Question

if events a and b are independent, and the probability that event a occurs is 83%, what must be true? the probability that event b occurs is 17%. the probability that event b occurs is 83%. the probability that event a occurs, given that event b occurs, is 83%. the probability that event b occurs, given that event a occurs, is 83%.

Explanation:

Step1: Recall the definition of independent events

If A and B are independent events, then $P(A\cap B)=P(A)\times P(B)$ and $P(A|B) = P(A)$ and $P(B|A)=P(B)$. The probability of event A occurring does not depend on whether event B occurs and vice - versa.
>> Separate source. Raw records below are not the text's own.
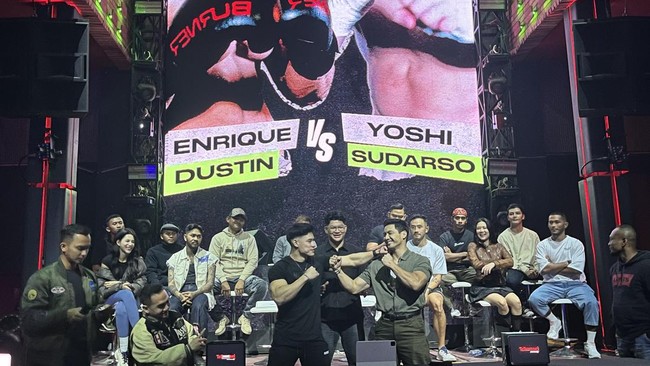 Superstar Knockout (SKO) akan kembali digelar dengan menampilkan duel sengit antara Enrique Dustin melawan Yoshi Sudarso sebagai partai utama.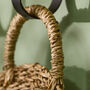 Set Of Two Woven Hanging Storage Baskets, thumbnail 5 of 6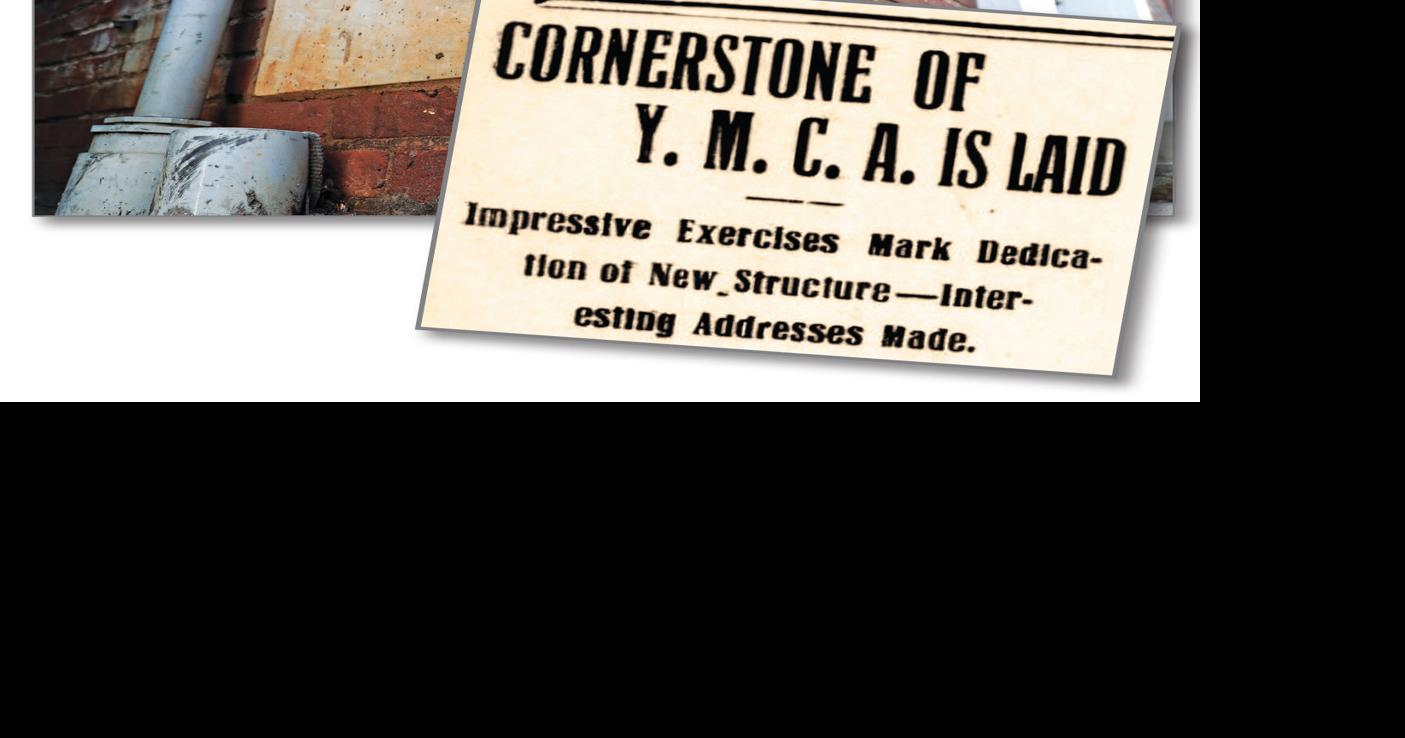 Lodge of Masons dedicates cornerstone of new Charlottesville YMCA in 1909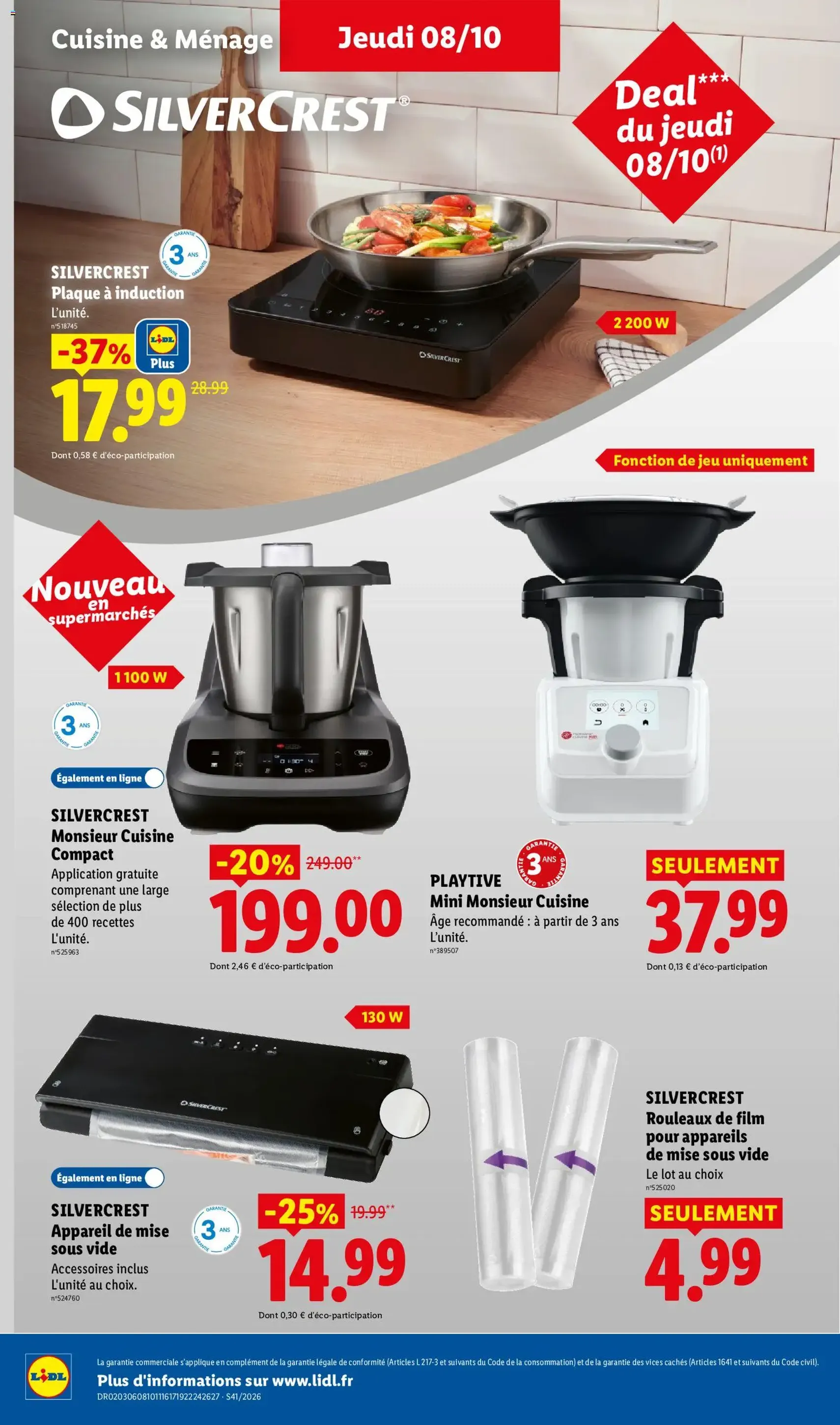 LIDL catalogue - brochure valable à partir du 08/10/2026, page 36 sur 61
Step2: Analyze each option

• Option 1: Just because $P(A) = 83\%$, there is no reason for $P(B)$ to be $17\%$.
• Option 2: There is no reason for $P(B)$ to be equal to $P(A)$ just because A and B are independent.
• Option 3: Since A and B are independent, by the definition of independent events, the conditional probability $P(A|B)=\frac{P(A\cap B)}{P(B)}=\frac{P(A)\times P(B)}{P(B)} = P(A)$. Given $P(A)=83\%$, so $P(A|B) = 83\%$.
• Option 4: Since A and B are independent, $P(B|A)=P(B)$, and we have no information to suggest that $P(B)=83\%$.

Answer:

The probability that event A occurs, given that event B occurs, is 83%. So the correct option is: The probability that event A occurs, given that event B occurs, is 83%.